**WHAT IS NEEDED**
The copy must run from the first line of the entries below through the line containing "Order pizza at Hickory’s Smokehouse Hutton", restated word for word, with pictures left out.

(Brief descriptive captions)
========

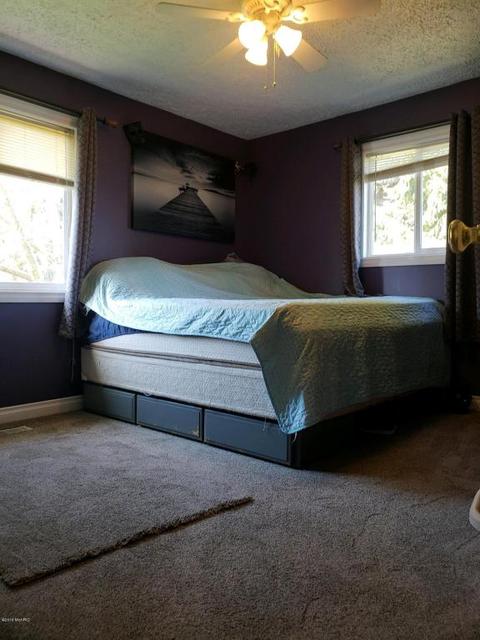 307 E Herbison Dr, Dewitt, MI 48820 photo 9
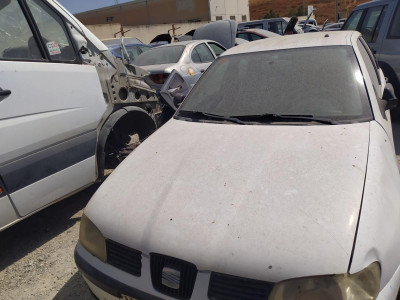 SEAT CORDOBA BERLINA (6K2)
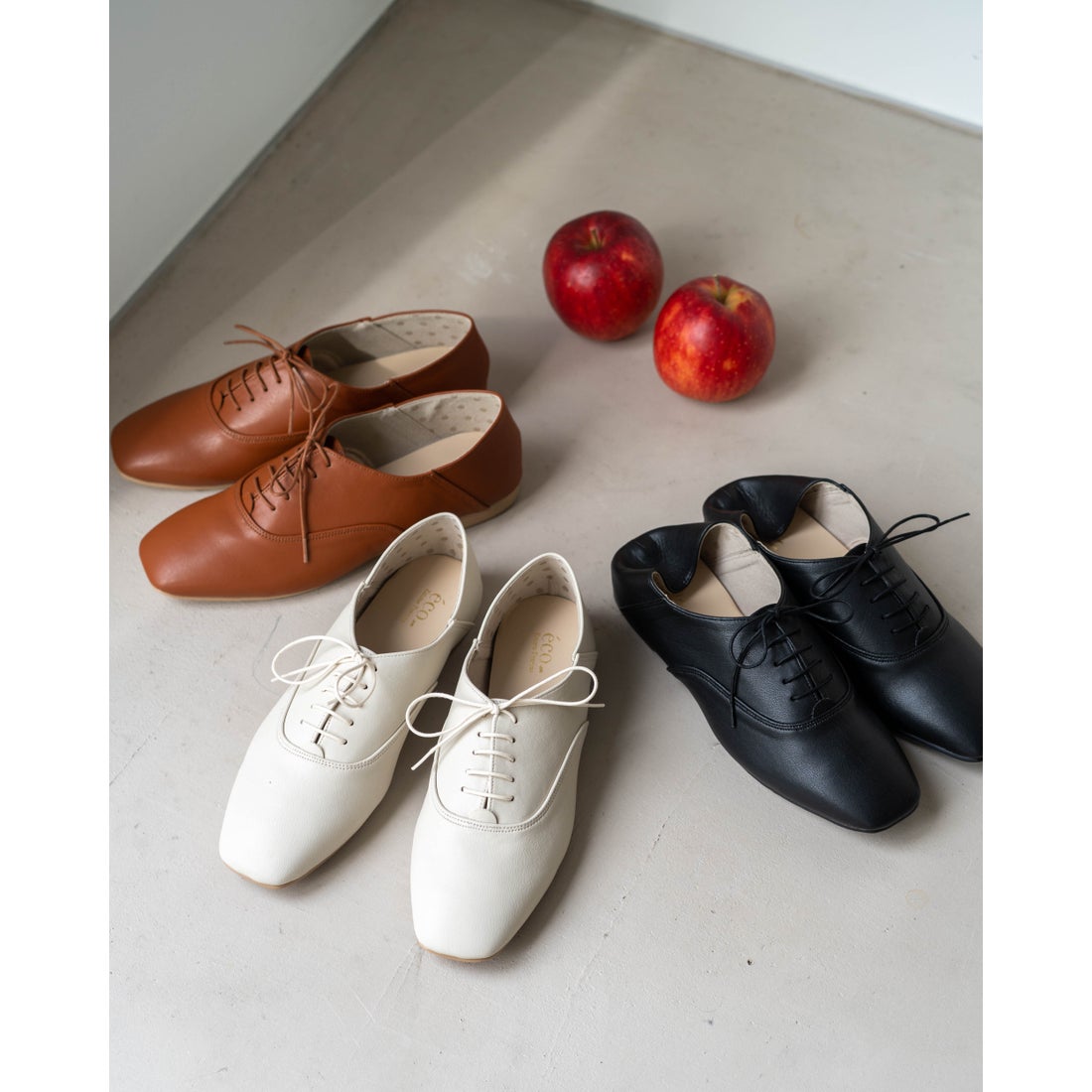 アップルレザー】【撥水】フラット レースアップシューズ （アイボリー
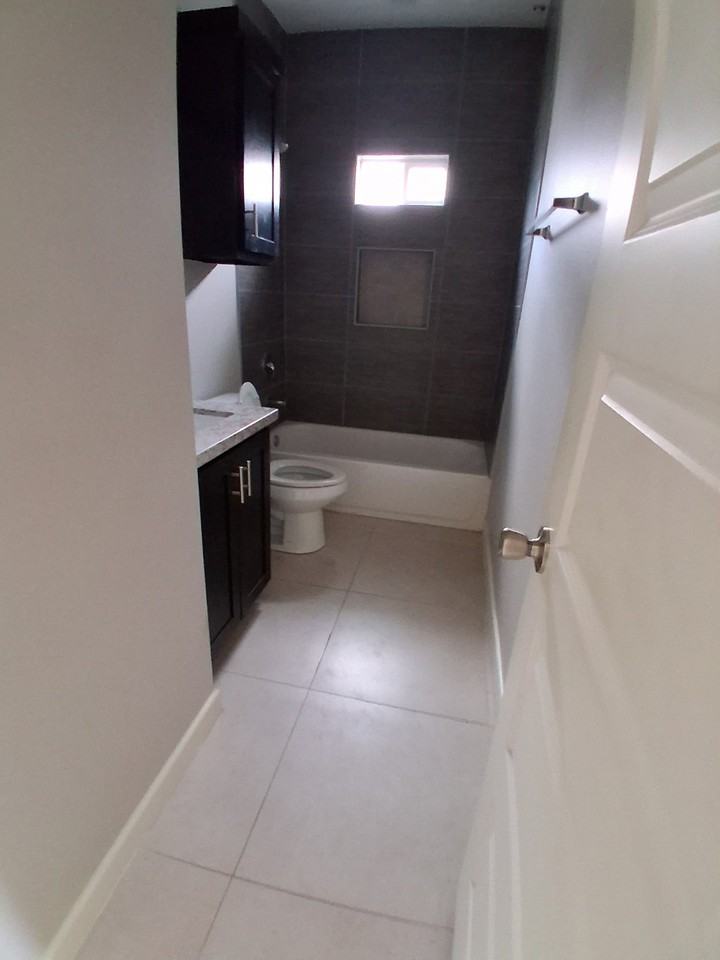 6907 N 59th Ln #3 - Photo 3 of 4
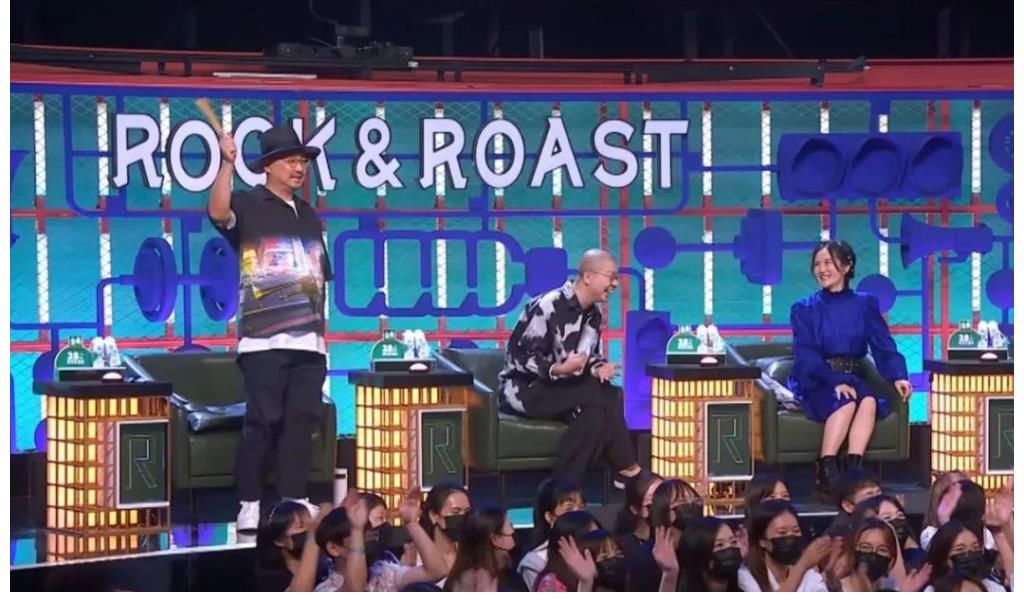 張博洋|《脫口秀大會》第四季落幕，周奇墨拿大王，憑的是什么？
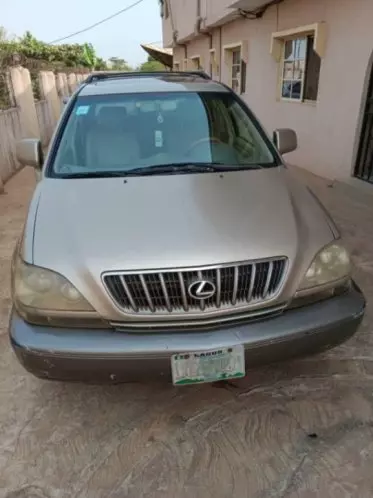 Lexus RX 300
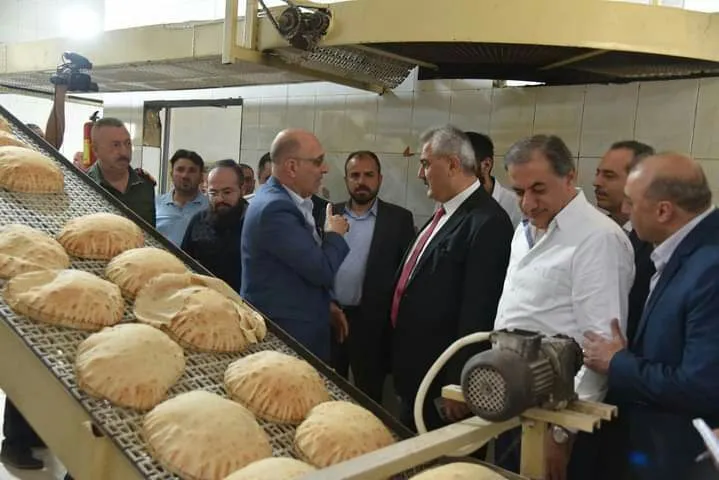 وزير تموين النظام يستفز الموالين بحديثه عن جودة الخبز في حلب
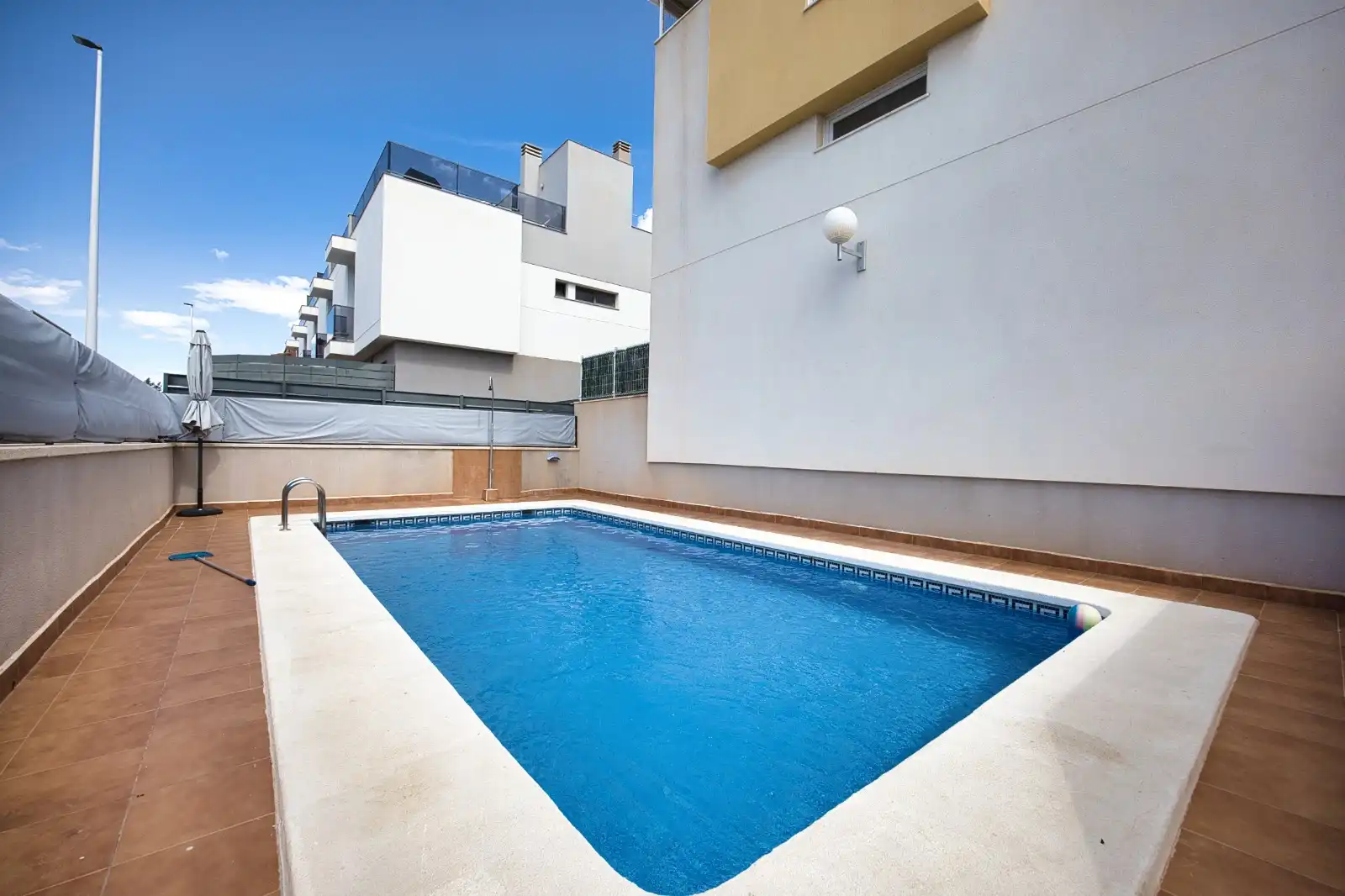 Piscina de Dúplex en venda en Santa Pola amb Aire condicionat, Terrassa i Moblat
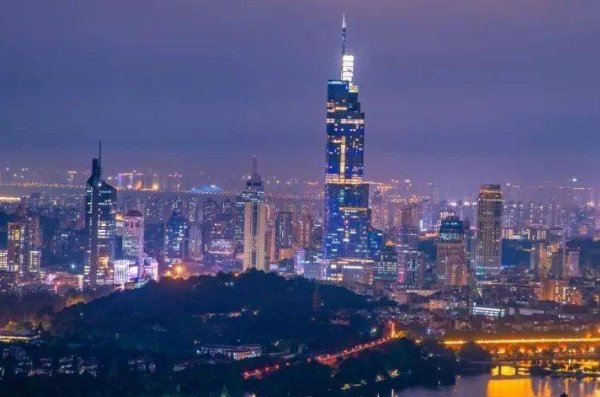 我国哪个城市有虎踞龙盘之称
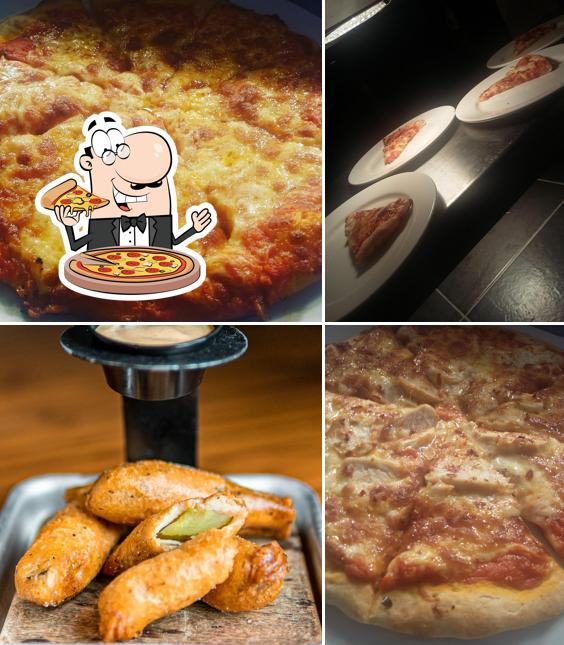 Order pizza at Hickory’s Smokehouse Hutton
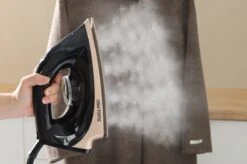 Swiss Pro+ -Stoomstrijkijzer Met Stoomgenerator - Iron - Keramische Zoolplaat - 2700W - Black/Gold - PefectCare Performer -Reinigingsapparaten Winkel 1200x799 152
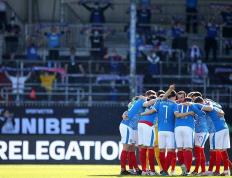 升班马比勒菲尔德迎战降班马荷尔斯泰因基尔，实力碾压对手！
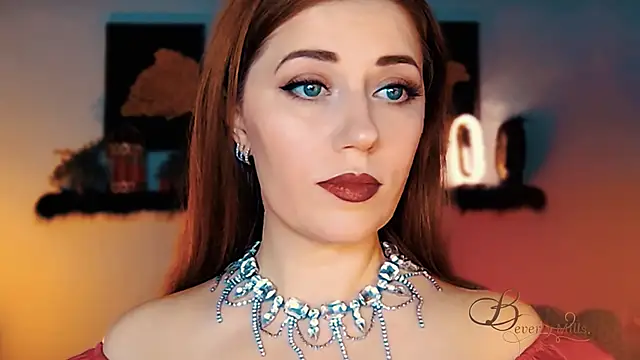 MissBeverlyMills online show from 11.27.25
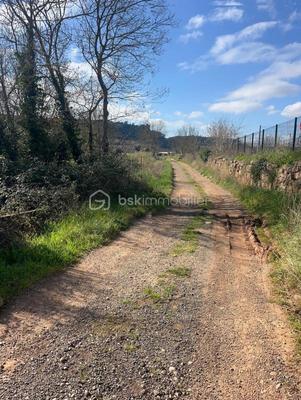 Maison - 97 m² - 4 pièces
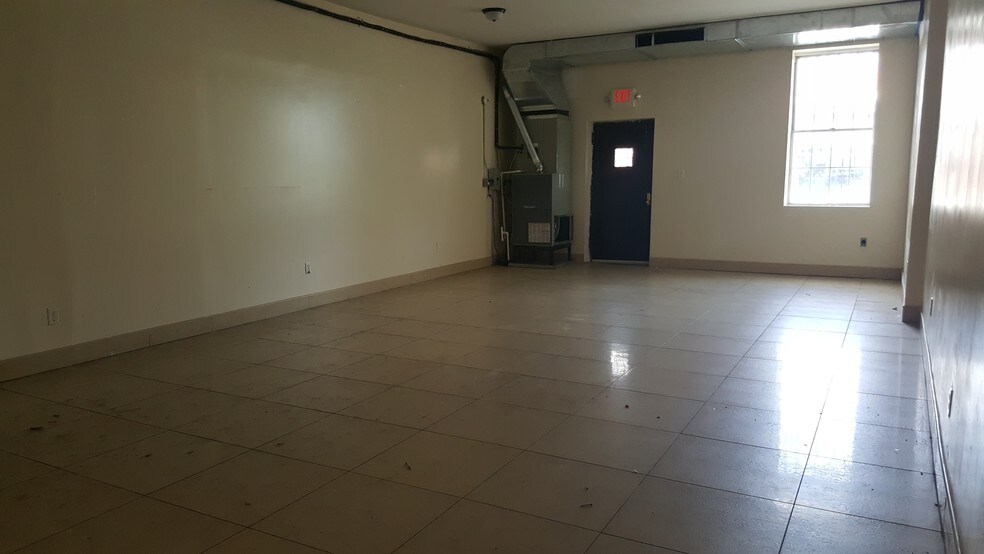 More Photos Of 27 Coffey St, Brooklyn Schools For Lease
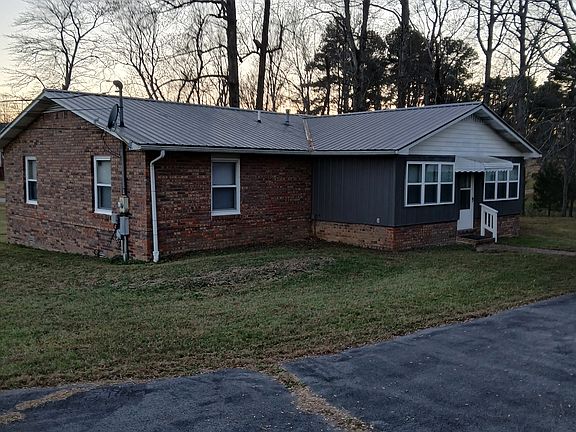 2nd image of 415 Petite Dr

========

**OUTPUT FOR THIS TASK**
 307 E Herbison Dr, Dewitt, MI 48820 photo 9
 SEAT CORDOBA BERLINA (6K2)
 アップルレザー】【撥水】フラット レースアップシューズ （アイボリー
 6907 N 59th Ln #3 - Photo 3 of 4
 張博洋|《脫口秀大會》第四季落幕，周奇墨拿大王，憑的是什么？
 Lexus RX 300
 وزير تموين النظام يستفز الموالين بحديثه عن جودة الخبز في حلب
 Piscina de Dúplex en venda en Santa Pola amb Aire condicionat, Terrassa i Moblat
 我国哪个城市有虎踞龙盘之称
 Order pizza at Hickory’s Smokehouse Hutton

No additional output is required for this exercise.